I was at my booth at a boat show in Maryland when another maritime carver came to visit. Lordan was the local “yaahd cavaah,” as we’d describe it in New England. We hit off right away, talking about the little niceties of our trade. Somewhere along the line, he asked if I would be willing to make a swap. ” I know that you teach carving, and I also do. I’ve found that if I teach the students to carve the word CAT, they get a complete guide to letter carving in one word. It has the verticals, horizontals, curves, and diagonals all in one word.” We continued talking about letter carving for a while. In the days before Robo carving stole that end of our market, we tended to do a good bit of hand-carved quarter boards, transoms, and banners. After a while, I admitted that this was going to be useful to my students, and I asked him what he wanted in exchange. ” You carve a lovely little compass rose design. I’d love to borrow it for just a few boxes for presents.” “Done.” Says I, and the deal was complete.
Over the years, I used CAT to instruct many in letter carving.
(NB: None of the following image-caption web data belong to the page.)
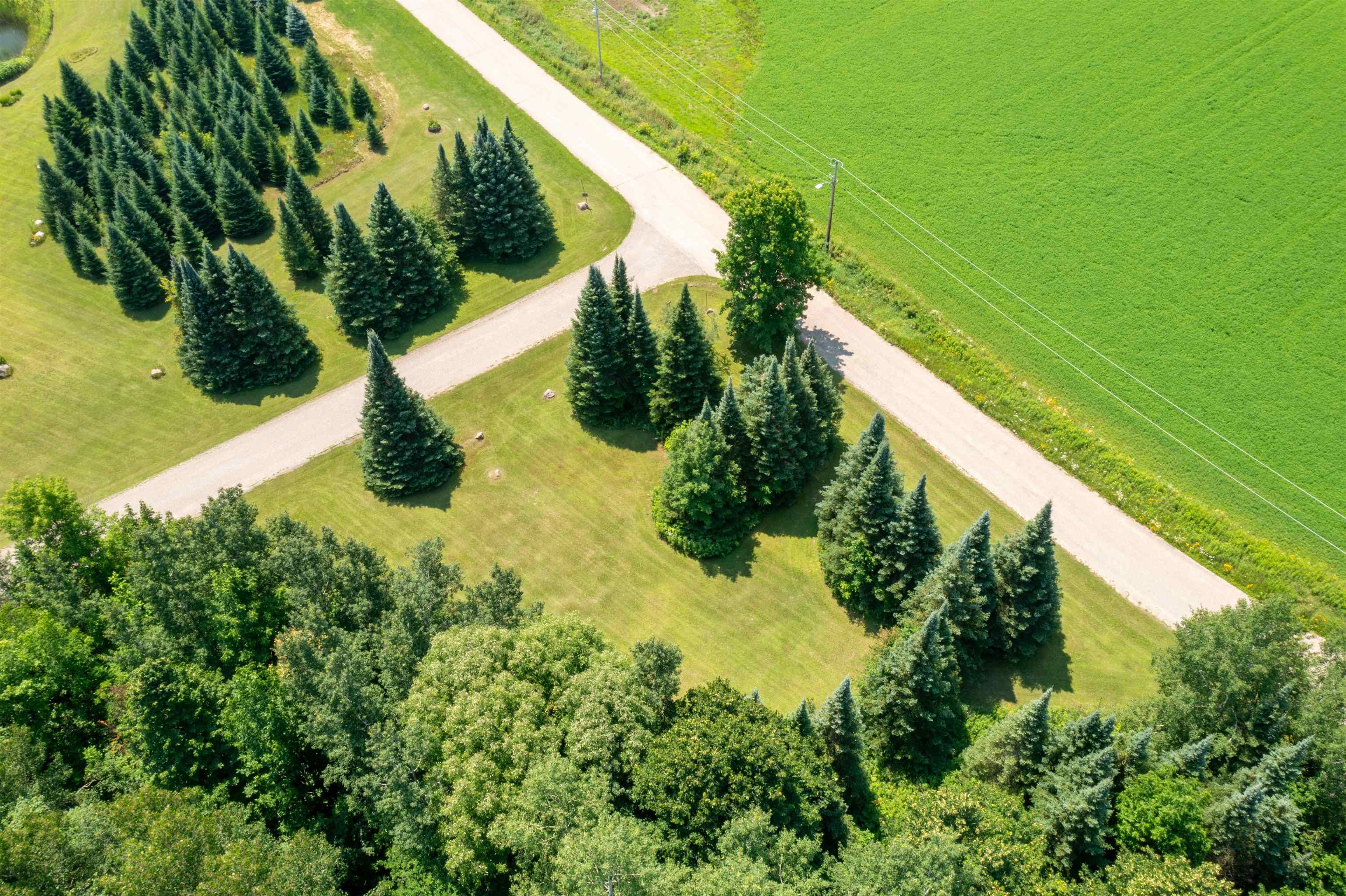 612 HIGH STREET, Birnamwood, Wisconsin 54414, ,Land,For Sale,612 HIGH STREET,22503337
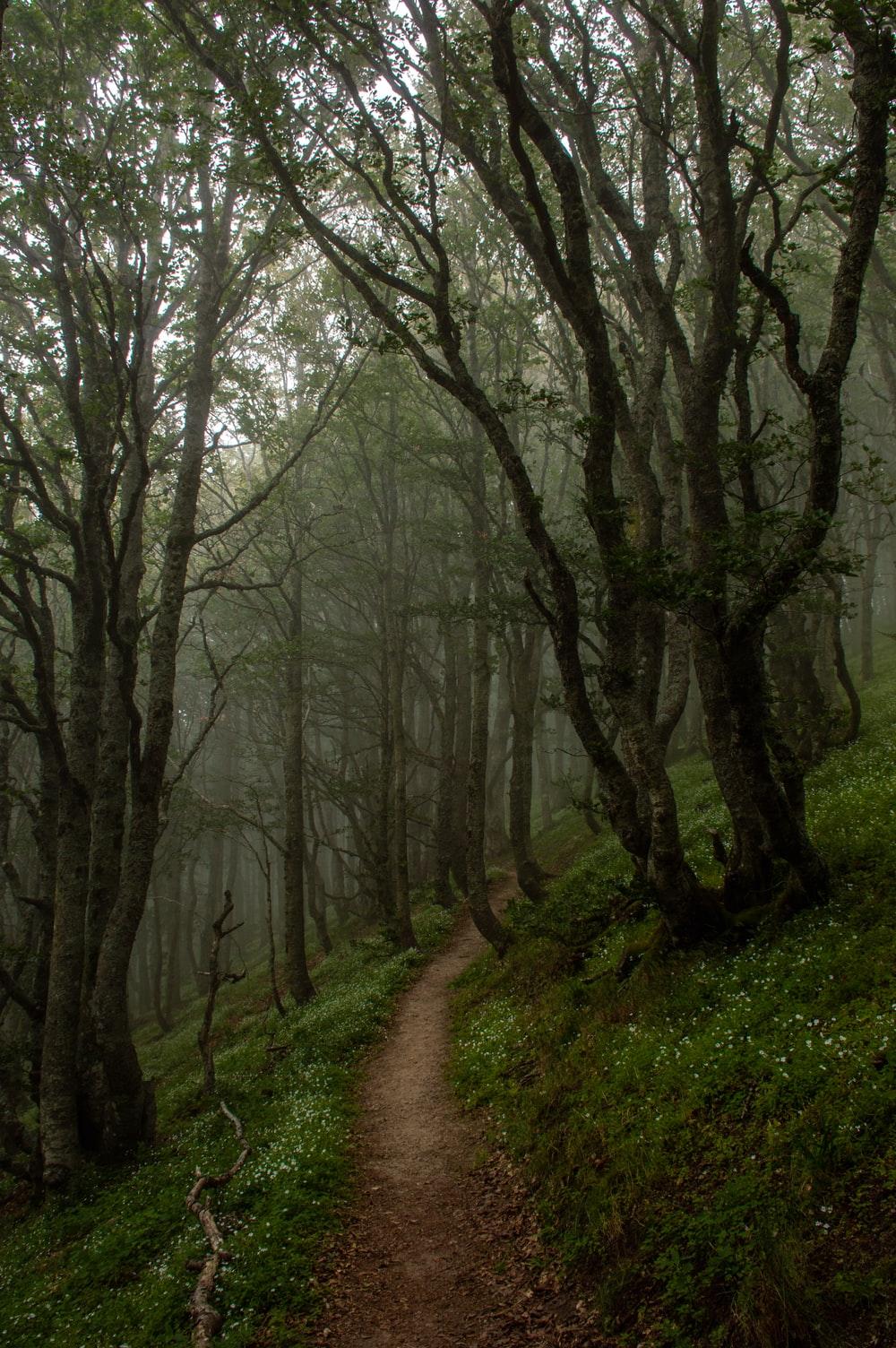1000x1504 Stunning Enchanted Forest Picture [HD]. Download Free Image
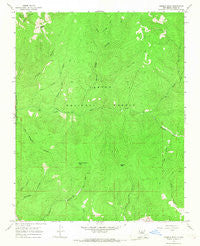 Pueblo Peak New Mexico Historical topographic map, 1:24000 scale, 7.5 X 7.5 Minute, Year 1965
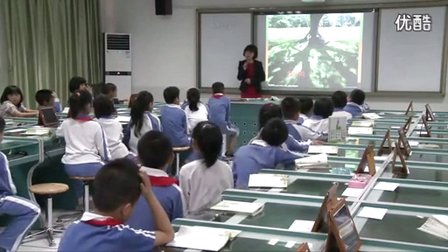 小学语文二年级《要是你在野外迷了路》教学视频,深圳新媒体应用大赛获奖视频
By the time they master CAT, the student is ready to move along to carving a quarter board.
So, the CAT carving was supposed to be a practice piece. But I noticed more than one student carefully finishing off the CAT practice piece as a finished piece of work. At last, confirmation came in the mail of what I had suspected. There, in all its glory, was the photo of a cat happily eating dinner in front of it’s very nicely varnished and gold-leafed CAT carving.